* _EXERCISE DETAILS_
What is wanted is the full listing, word for word, without its pictures.

* _RAW DATA_
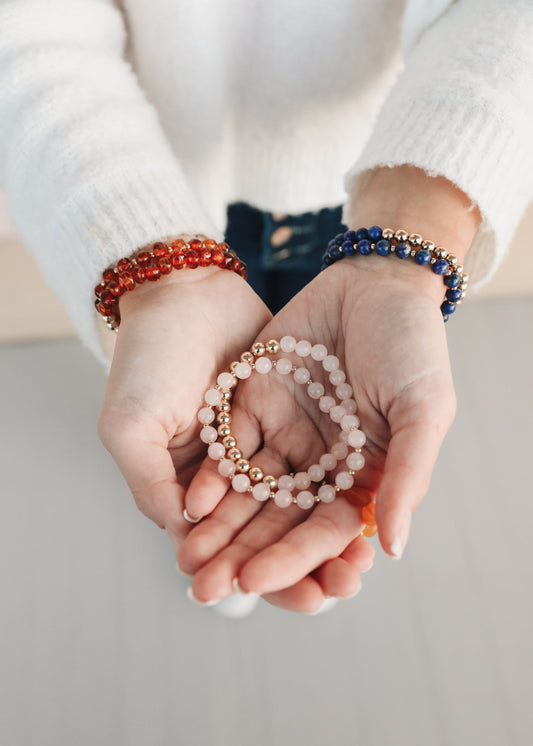 Rosenquarz: 14k Gold Filled Sonne + Mond || Stretch-Armbänder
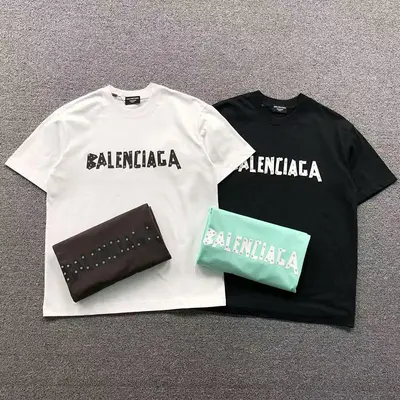 ￥115 B⭐L⭐⭐⭐IA⭐A T-SHIRT 212221421（im 170cm 55kg i wear size M in the phot）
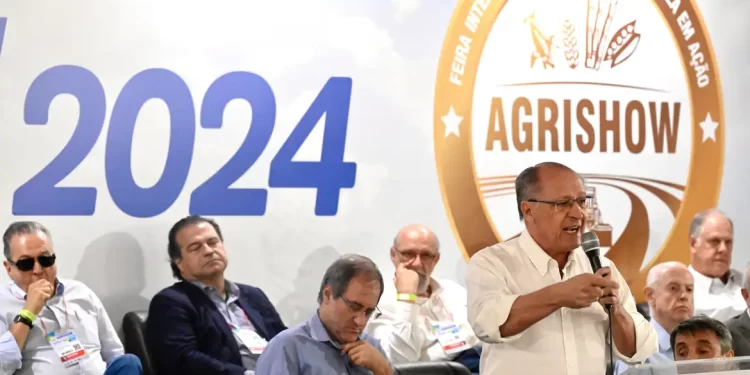 Alckmin defende diálogo com Congresso sobre desoneração da folha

* _RESULT OF THE TASK_
 Rosenquarz: 14k Gold Filled Sonne + Mond || Stretch-Armbänder
 ￥115 B⭐L⭐⭐⭐IA⭐A T-SHIRT 212221421（im 170cm 55kg i wear size M in the phot）
 Alckmin defende diálogo com Congresso sobre desoneração da folha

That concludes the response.